**What the task requires**: When you restate the data, keep every word as it is and drop the images.

*** Opening The data ***

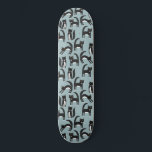 Schwarz-Weiß-Tuxedo-Katzen-Muster Skateboard<br><div class="desc">Ein niedliches Muster schwarz-weißer,  tuxedo kitty Katzen auf blauem Hintergrund für Tiere und Haustiere überall.</div>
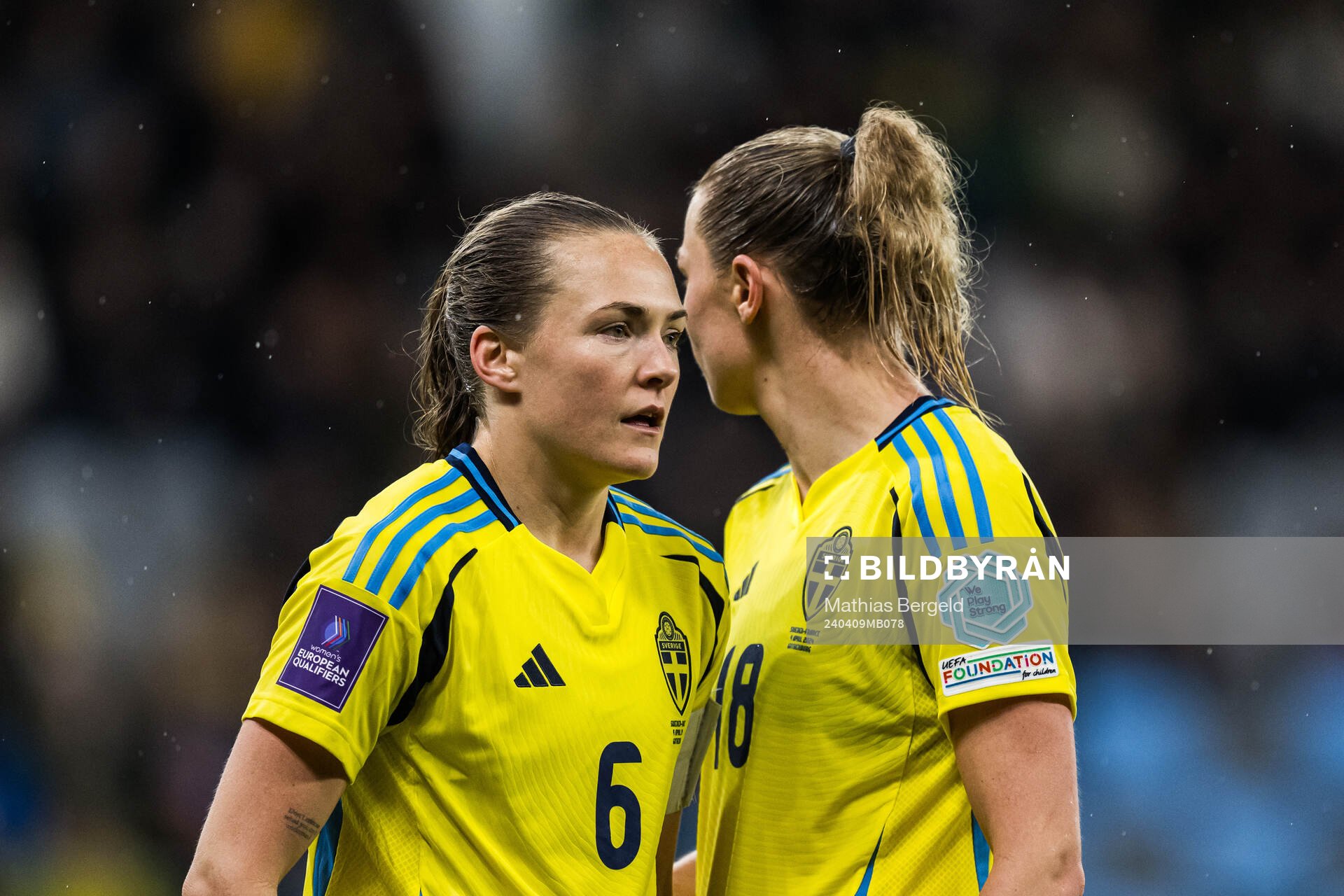 Magdalena Eriksson and Fridolina Rolfö of Sweden looks
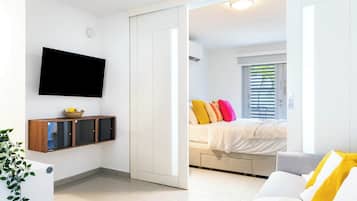 3 bedrooms, desk, iron/ironing board, travel crib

*** Closing The data ***

**Answer to this problem**:
 Schwarz-Weiß-Tuxedo-Katzen-Muster Skateboard<br><div class="desc">Ein niedliches Muster schwarz-weißer,  tuxedo kitty Katzen auf blauem Hintergrund für Tiere und Haustiere überall.</div>
 Magdalena Eriksson and Fridolina Rolfö of Sweden looks
 3 bedrooms, desk, iron/ironing board, travel crib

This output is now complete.